Perubahan itu membuat peluang mendapatkan nilai tambah melalui usaha peternakan di dalam negeri makin berkurang. Peternak skala kecil juga berisiko makin kesulitan bersaing. Sebab, tanpa pelonggaran saja, sebagian di antara peternak skala kecil gulung tikar, kalah bersaing dengan perusahaan peternakan terintegrasi.
Ketua Umum Perhimpunan Peternak Sapi dan Kerbau Indonesia (PPSKI) Teguh Boediyana, Kamis (15/10/2020), berpendapat, pemerintah mesti merumuskan aturan turunan secara komprehensif dengan melibatkan pemangku kepentingan sehingga komitmennya nyata, seperti komitmen mengedepankan kepentingan peternak sesuai amanat Pasal 34 RUU Cipta Kerja.
Guna mendukung komitmen itu, aturan turunan mesti menyatakan aspek perlindungan secara konkret bagi peternak dan kesempatan peternak mengambil peluang usaha yang ada.
Menurut Guru Besar Fakultas Peternakan IPB University Muladno, RUU Cipta Kerja bukan solusi atas problematika riil yang tengah dihadapi peternak. ”Perubahan (dalam RUU Cipta Kerja) itu justru tidak menciptakan pekerjaan bagi peternak di desa,” ujarnya.
Pasal 36B Ayat (1) UU No 41/2014, misalnya, mengamanatkan, pemasukan ternak dan produk hewan dari luar negeri ditempuh apabila produksi dan pasokan di dalam negeri belum mencukupi kebutuhan konsumsi masyarakat. Ayat (2), (3), dan (5) dalam pasal itu menyebutkan, pemasukan ternak harus berupa bakalan yang beratnya tak boleh melebihi batas berat tertentu.
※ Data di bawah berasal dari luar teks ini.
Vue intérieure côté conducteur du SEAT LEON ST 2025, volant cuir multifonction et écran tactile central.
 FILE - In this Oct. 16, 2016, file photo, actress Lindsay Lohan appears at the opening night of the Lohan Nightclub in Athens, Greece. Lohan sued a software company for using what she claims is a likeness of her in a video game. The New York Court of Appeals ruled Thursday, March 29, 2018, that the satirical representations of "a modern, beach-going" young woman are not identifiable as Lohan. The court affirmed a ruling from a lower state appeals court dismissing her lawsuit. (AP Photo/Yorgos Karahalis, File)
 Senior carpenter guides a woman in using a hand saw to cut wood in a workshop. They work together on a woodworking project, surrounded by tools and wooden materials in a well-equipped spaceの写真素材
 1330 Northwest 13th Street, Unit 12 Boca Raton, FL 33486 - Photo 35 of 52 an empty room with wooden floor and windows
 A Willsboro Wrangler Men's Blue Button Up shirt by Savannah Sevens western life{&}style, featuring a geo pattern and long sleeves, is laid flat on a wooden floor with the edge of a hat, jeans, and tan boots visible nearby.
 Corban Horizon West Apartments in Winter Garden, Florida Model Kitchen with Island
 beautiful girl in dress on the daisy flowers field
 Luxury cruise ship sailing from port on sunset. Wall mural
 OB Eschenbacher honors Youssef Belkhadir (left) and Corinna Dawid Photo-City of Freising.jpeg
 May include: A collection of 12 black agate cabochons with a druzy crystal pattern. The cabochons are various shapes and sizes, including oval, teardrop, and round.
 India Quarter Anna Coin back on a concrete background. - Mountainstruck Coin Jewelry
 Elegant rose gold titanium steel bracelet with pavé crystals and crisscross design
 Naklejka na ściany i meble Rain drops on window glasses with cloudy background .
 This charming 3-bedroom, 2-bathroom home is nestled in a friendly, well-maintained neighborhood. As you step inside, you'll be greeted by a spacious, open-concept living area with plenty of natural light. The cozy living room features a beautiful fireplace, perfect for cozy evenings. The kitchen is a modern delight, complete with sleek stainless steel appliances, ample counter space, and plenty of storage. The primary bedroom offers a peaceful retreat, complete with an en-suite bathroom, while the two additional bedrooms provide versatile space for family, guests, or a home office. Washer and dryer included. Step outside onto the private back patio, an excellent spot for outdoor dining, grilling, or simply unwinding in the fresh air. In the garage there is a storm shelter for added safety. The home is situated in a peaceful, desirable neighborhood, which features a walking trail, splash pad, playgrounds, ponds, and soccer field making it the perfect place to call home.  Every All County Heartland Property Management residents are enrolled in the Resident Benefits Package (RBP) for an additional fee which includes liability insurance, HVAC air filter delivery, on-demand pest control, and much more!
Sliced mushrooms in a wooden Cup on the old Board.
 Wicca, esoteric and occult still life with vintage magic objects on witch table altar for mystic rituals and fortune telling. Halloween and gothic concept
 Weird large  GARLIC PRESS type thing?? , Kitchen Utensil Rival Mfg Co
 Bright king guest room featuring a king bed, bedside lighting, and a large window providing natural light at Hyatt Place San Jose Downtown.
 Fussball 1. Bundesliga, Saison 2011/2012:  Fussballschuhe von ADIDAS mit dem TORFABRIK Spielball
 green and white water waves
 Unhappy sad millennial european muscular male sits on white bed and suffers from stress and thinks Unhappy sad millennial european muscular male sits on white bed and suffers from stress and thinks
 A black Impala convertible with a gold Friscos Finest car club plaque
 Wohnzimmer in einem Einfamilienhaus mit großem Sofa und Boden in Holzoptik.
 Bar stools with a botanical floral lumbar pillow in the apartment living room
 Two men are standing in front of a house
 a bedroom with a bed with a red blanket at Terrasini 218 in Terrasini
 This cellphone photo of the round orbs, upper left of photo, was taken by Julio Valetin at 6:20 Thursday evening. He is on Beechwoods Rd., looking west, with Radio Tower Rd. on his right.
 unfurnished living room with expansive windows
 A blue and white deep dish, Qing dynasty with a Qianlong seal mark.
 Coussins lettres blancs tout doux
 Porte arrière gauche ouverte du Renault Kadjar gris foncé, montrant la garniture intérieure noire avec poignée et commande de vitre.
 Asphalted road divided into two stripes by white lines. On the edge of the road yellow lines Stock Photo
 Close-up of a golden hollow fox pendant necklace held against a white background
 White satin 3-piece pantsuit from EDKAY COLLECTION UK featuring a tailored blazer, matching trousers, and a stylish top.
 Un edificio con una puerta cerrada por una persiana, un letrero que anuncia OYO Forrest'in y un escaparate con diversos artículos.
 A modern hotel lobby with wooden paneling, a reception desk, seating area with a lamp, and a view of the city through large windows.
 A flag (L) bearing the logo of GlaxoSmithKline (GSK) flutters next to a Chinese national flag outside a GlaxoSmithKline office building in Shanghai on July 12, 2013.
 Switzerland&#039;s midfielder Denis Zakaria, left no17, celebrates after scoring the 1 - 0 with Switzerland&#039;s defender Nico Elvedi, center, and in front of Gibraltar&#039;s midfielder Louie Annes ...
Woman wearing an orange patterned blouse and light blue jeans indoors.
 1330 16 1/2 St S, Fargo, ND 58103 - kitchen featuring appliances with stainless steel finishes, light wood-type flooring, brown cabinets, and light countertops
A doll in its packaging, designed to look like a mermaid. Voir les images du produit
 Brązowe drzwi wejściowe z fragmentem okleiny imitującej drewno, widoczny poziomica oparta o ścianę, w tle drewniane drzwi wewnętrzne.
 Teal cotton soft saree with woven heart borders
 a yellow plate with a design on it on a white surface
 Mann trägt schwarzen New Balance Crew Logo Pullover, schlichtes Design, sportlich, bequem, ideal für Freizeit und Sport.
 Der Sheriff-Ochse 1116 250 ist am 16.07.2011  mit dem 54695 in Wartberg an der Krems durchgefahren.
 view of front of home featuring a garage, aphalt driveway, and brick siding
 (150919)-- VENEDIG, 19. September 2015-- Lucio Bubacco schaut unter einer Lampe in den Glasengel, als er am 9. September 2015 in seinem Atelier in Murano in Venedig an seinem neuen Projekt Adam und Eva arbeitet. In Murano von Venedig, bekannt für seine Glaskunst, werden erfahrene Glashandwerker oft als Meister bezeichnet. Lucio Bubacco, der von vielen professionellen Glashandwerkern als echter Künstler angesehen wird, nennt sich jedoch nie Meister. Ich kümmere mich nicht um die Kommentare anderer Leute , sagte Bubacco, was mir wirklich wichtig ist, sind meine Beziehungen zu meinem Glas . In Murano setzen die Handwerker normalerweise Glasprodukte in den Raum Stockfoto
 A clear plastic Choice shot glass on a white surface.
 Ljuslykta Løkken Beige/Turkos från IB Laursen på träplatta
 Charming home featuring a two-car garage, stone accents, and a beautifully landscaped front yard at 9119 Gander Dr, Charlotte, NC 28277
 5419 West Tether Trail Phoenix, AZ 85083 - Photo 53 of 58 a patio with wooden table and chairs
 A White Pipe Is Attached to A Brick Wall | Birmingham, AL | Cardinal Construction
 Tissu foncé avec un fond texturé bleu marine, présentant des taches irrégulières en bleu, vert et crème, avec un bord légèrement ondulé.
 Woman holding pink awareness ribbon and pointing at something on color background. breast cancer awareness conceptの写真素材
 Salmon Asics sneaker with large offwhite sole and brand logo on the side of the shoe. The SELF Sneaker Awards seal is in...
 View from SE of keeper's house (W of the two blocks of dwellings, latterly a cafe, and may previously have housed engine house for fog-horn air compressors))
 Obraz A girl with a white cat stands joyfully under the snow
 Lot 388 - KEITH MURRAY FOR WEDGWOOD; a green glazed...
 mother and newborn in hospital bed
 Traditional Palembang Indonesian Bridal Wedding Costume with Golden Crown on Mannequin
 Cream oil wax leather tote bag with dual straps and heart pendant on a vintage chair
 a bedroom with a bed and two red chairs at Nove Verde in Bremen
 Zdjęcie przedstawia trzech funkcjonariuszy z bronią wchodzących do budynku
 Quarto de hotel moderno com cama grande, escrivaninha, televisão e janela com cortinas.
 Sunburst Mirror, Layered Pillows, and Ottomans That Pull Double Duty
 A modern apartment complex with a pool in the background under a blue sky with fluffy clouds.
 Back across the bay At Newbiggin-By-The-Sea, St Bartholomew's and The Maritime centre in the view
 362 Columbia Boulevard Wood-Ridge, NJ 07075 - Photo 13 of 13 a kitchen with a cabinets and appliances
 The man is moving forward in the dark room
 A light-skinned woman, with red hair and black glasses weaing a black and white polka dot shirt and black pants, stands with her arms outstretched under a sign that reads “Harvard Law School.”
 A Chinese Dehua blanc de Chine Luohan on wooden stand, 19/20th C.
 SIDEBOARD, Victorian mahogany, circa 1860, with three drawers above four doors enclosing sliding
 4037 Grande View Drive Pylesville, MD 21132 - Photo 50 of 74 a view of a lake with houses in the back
Pengimpor juga diwajibkan menggemukkan bakalan di dalam negeri untuk memperoleh nilai tambah dalam jangka paling cepat empat bulan sejak pelepasan karantina. Namun, RUU Cipta Kerja mengubahnya, pemasukan ternak dan produk hewan dari luar negeri ditempuh untuk memenuhi kebutuhan dengan memperhatikan kepentingan peternak. Ketentuan impor ternak berupa bakalan pun tidak tertera dalam RUU Cipta Kerja.
Padahal, kata Muladno, ketentuan wajib impor produk ternak berupa bakalan bertujuan mendapatkan nilai tambah dan menciptakan kegiatan ekonomi di dalam negeri. Penggemukan bakalan juga menggerakkan petani penghasil hijauan pakan dan menghasilkan bahan baku pupuk.
Ketua Pusat Kajian Pertanian Pangan dan Advokasi Yeka Hendra Fatika menilai, perubahan Pasal 36B UU No 41/2014 membuka peluang impor daging dan ayam beku yang berisiko membanjiri pasar. Produk impor cenderung lebih murah dibandingkan produk peternak dalam negeri.
Selain subsektor peternakan, RUU Cipta Kerja juga mengubah ketentuan impor pangan di sejumlah UU. Impor tidak lagi mensyaratkan kecukupan stok dan produksi dalam negeri.
Sebelumnya, Kepala Biro Hukum Kementerian Pertanian Eddy Purnomo menyatakan, Indonesia punya dua pijakan, yakni ketahanan pangan untuk politik luar negeri dan kedaulatan pangan saat di dalam negeri. Pemerintah menjamin penyerapan lewat norma, standar, prosedur, dan kriteria turunan RUU. Namun, Indonesia mesti memperhatikan prinsip perdagangan bebas dan ketentuan Organisasi Perdagangan Dunia (WTO).